Most people don't realize that bilinear filtering an RGBA8 ( fixed point, 8 bits per channel ) texture results in a fixed point value.
What I mean is extremely simple. RGB8/RGBA8 textures are a standard used commonly everywhere. In shaders, you usually sample a texture like this (GLSL):
vec4 color = texture2D(tex, uv);
If filtering has been enabled on the texture, the values in 'color' are not full fp32 precision. They are still 8 bits.
I blame this on legacy hardware. I have confirmed this behavior on both NVidia and ATI cards, including the modern ones.
Of course, it only becomes visible when you sum up a lot of textures together, or when you scale a value by a huge factor.
I always have a shudder when I think of all the people using lookup tables or scaled textures in RGBA8, and who don't realize what they are doing.

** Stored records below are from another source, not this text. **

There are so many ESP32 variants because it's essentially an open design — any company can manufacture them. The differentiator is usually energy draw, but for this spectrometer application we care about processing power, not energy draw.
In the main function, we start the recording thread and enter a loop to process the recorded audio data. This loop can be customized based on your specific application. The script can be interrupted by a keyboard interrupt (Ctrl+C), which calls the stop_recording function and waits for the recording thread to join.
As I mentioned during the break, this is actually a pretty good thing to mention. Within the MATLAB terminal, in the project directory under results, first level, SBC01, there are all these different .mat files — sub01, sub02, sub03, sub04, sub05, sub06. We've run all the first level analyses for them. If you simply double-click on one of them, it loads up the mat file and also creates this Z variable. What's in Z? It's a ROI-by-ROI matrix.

Here is an example. First a picture of a relatively dark area of a texture, heavily magnified ( needed to demonstrate filtering after all ). There are blocky square artifacts coming from the jpeg compression, ignore them, and just verify in photoshop or your preferred image editor that the pixel values have a smooth gradiant, decreasing 1 by 1 (actually 1/255) between each adjacent:
No scaling
Now the pixel shader simply multiplies this pixel by a constant value of 5. Notice how the pixel values jump by 5 by 5:
Scaling x5
To fix this problem, there are two ways that I know:
1. Perform bilinear filtering yourself: the shader pipeline is fully 32 bits, so while you're sampling 4 texels in 8 bits, the bilinear interpolation will be in full precision. This has a high performance cost.
2. Use a fp16 or fp32 internal format ( at the cost of additional video memory ).

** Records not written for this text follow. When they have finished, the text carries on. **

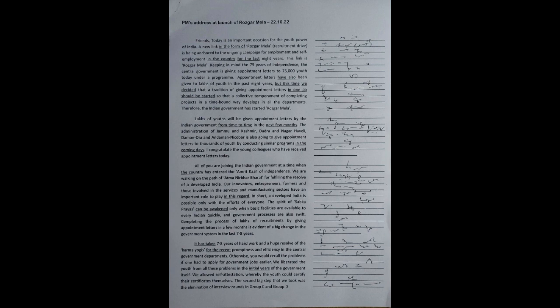Keeping in mind the 75 years of independence, the central government is giving appointment letters to 75,000 youth today under a program. Appointment letters have also been given to lakhs of youth in the past 8 years. But this time we decided that a tradition of giving appointment letters in one go should be started so that a collective temperament of completing projects in a time-bound way develops.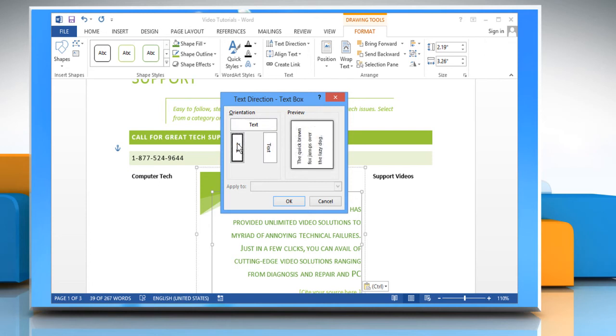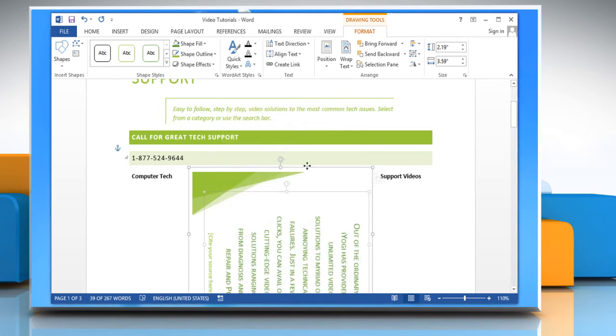Select the orientation of your choice. A preview will be displayed on the right side of the dialog box. Click OK to apply the selection.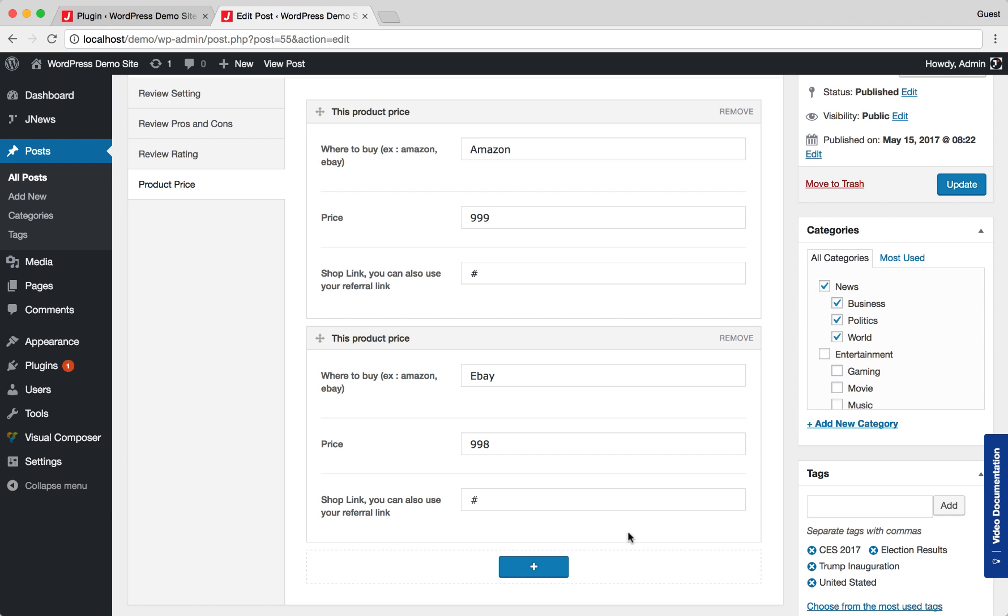After you've done, don't forget to update the post and let's see the result.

Those two solutions both have a serious cost, either in performance or memory. Why NVidia and ATI haven't implemented bilinear filtering of RGBA8 textures in full precision in hardware yet is beyond my understanding.
Are you certain that the banding that you see is not due to the fact that there is only 8-bits per channel of information in the source texture? For example, if you were to use an fp16 or fp32 texture with the same values as the sample you provided, wouldn't you get the same result by multplying by 5???